BAB 32
Turun di mulut gang kecil. Di samping rumah Nadia. Di depan mesjid. Aku mendengar suara seorang wanita yang sedang mengaji. Membaca kitab suci. Aku sangat mengenali suara itu. Aku masuk ke dalam mesjid. Dan benar sekali. Yang mengaji itu adalah kekasihku. Atau calon mantan. Mungkin sebutan itu pantas disematkan Nadia padaku. Tapi aku tetap menganggapnya kekasih, karena status kita yang belum berubah. Walaupun aku kesal dengan tamparannya.
Dia membaca kitab suci dengan suaranya yang merdu di depan mimbar. Adem sekali mendengarnya. Hati ini terasa sejuk. Berdesir di kupingku dengan nyamannya. Aku tersihir dibuatnya. Nadia telah menghipnotisku dengan ayat-ayat yang dibacanya. Ayat-ayat yang mengobati rindu. Menyembuhkan luka.

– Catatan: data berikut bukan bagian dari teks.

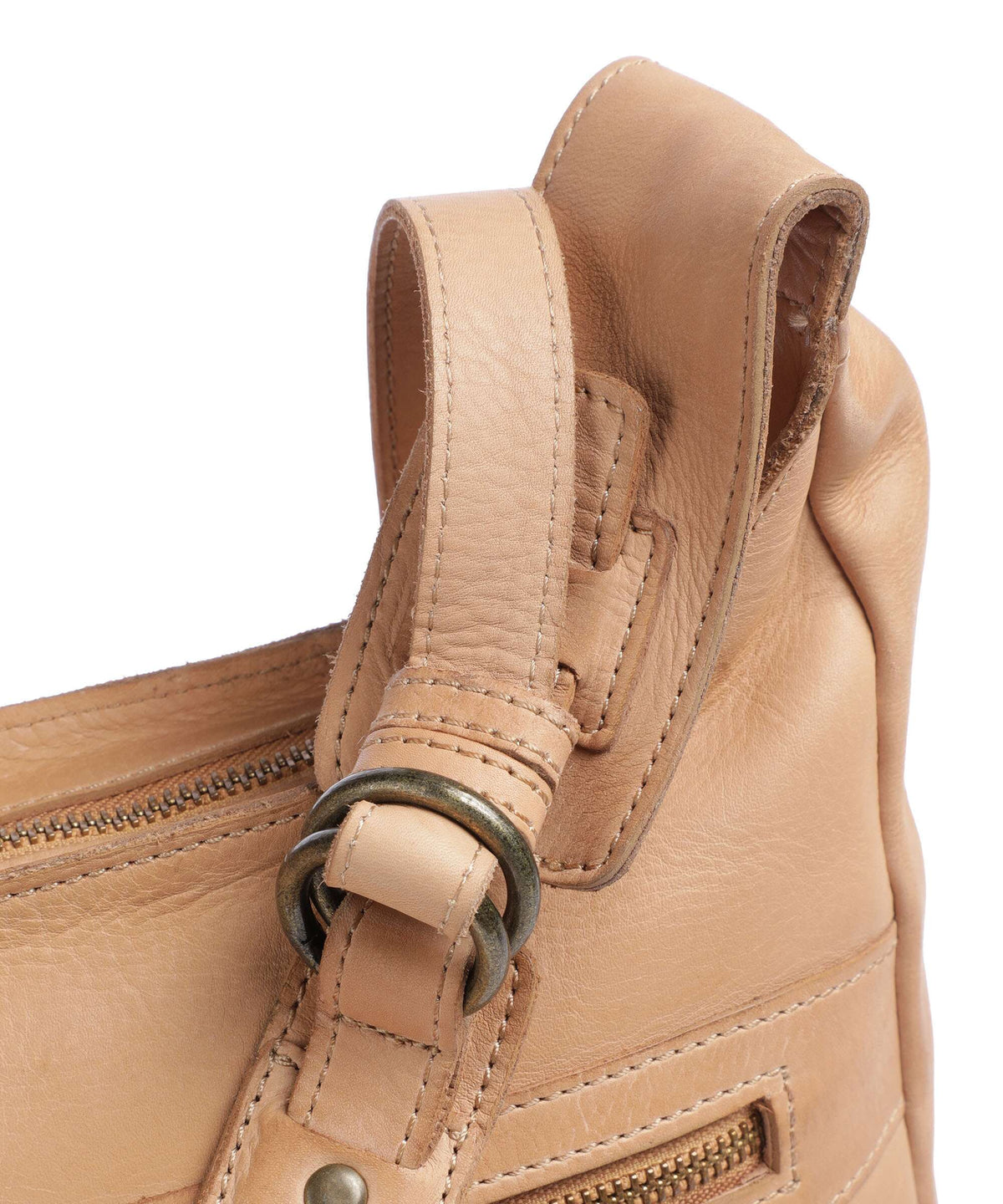 Harold's Submarine Hobo bag caramel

Perlahan tapi pasti aku mendekat ke arahnya. Berjalan tanpa bersuara. Hanya menyisakan satu meter saja. Kulihat dari dekat, dia berbalut busana muslim yang indah. Seindah sosoknya. Lembut kain sutra yang yang dikenakan selembut hatinya. Aku berharap hatinya tetap lembut jika dia menyadari keberadaanku. Bukan kebencian yang tidak aku inginkan.
Nadia mendadak menghentikan bacaannya. Feelingnya bekerja, ada seseorang yang tengah mendekat. Ia melihat ke depan. Ke dinding keramik tempat yang biasanya digunakan untuk imam solat.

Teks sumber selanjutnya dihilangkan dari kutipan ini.